Code of Ethics
Code of Professional Standards
Washington Mutual Investors Fund
Adopted July 1, 2010
Preamble: The above named Fund has adopted this Code of Professional Standards (the “Code”) in accordance with the requirements of Form N-CSR adopted by the Securities and Exchange Commission (the “SEC”) pursuant to Section 406 of the Sarbanes-Oxley Act of 2002.
1. The Fund has adopted this Code for the purpose of deterring wrongdoing and promoting honest and ethical conduct. The Code applies to the principal executive officer and principal financial and accounting officer (together the “Officers”) of the Fund.
2. The Officers shall conduct themselves in such a manner as to deter wrongdoing and to promote:
(a) | honest and ethical conduct in the affairs of the Fund, including the ethical handling of actual or apparent conflicts of interest between personal and professional relationships; |
(b) | full, fair, accurate, timely and understandable disclosure in reports and documents that the Fund files with, or submits to, the Securities and Exchange Commission and in other public communications made by the Fund; and |
(c) | compliance with applicable governmental laws, rules and regulations. |
It is the responsibility of the Officers, by their words and actions, to foster a corporate culture that encourages honest and ethical conduct, including the ethical resolution of, and appropriate disclosure of, conflicts of interest.
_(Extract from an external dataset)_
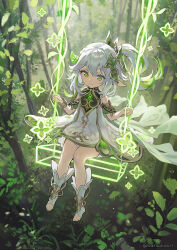 Rule 34 | 1girl, bare shoulders, closed mouth, commentary request, day, dress, forest, genshin impact, green eyes, green hair, hair between eyes, hair ornament, hands up, highres, looking away, multicolored hair, nahida (genshin impact), nature, no shoes, outdoors, pointy ears, side ponytail, sitting, sleeveless, sleeveless dress, smile, socks, solo, stirrup legwear, streaked hair, sunako (veera), swing, toeless legwear, tree, white dress, white socks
The Officers should work to assure a working environment that is characterized by respect for law and compliance with applicable rules and regulations.
The Officers must:
· | familiarize themselves with the disclosure requirements generally applicable to the Fund and, to the extent appropriate within the Officer’s area of responsibility, take appropriate steps with the goal of promoting full, fair, accurate, timely and understandable disclosure in reports and documents the Fund files with the SEC and in other public communications made by the Fund; |
· | not knowingly misrepresent, or cause others to misrepresent, facts about the Fund; and |
· | not use personal influence or personal relationships to improperly influence investment decisions or financial reporting whereby the Officer would benefit personally to the detriment of the Fund. |
3. Reporting. Upon receipt of this Code and annually thereafter, the Officers must sign an acknowledgement stating that he or she has received, read and understands the Code.
4. Violations. Any person who becomes aware of an apparent violation of this Code must report it to the Fund’s Compliance Officer or Chairman of the Fund. The Compliance Officer is authorized to investigate any such violations and report his or her findings to the Chairman of the Board. The Chairman may report violations of the Code to the Board of Trustees, if he or she believes such reporting is appropriate. The Chairman may also determine the appropriate sanction for any violations of this Code, including removal from office, provided that removal from office shall only be carried out with the approval of the Board of Trustees of the Fund.
5. Amendments. Technical, administrative or other non-substantive amendments to this Code must be approved by the Chairman of the Fund and any material amendment must be approved by the Board of Trustees. Amendments must be filed with the SEC as required by applicable rules. All amendments must be in writing.
6. Relationship to Codes of Ethics. The Fund and its principal service providers have adopted codes of ethics under Rule 17j-1 under the Investment Company Act of 1940. Those codes are separate requirements and are not part of this Code.
7. Confidentiality. All reports and records prepared or maintained pursuant to this Code shall be confidential and shall be maintained and protected accordingly. Except as otherwise required by law or this Code, such matters shall not be disclosed to anyone.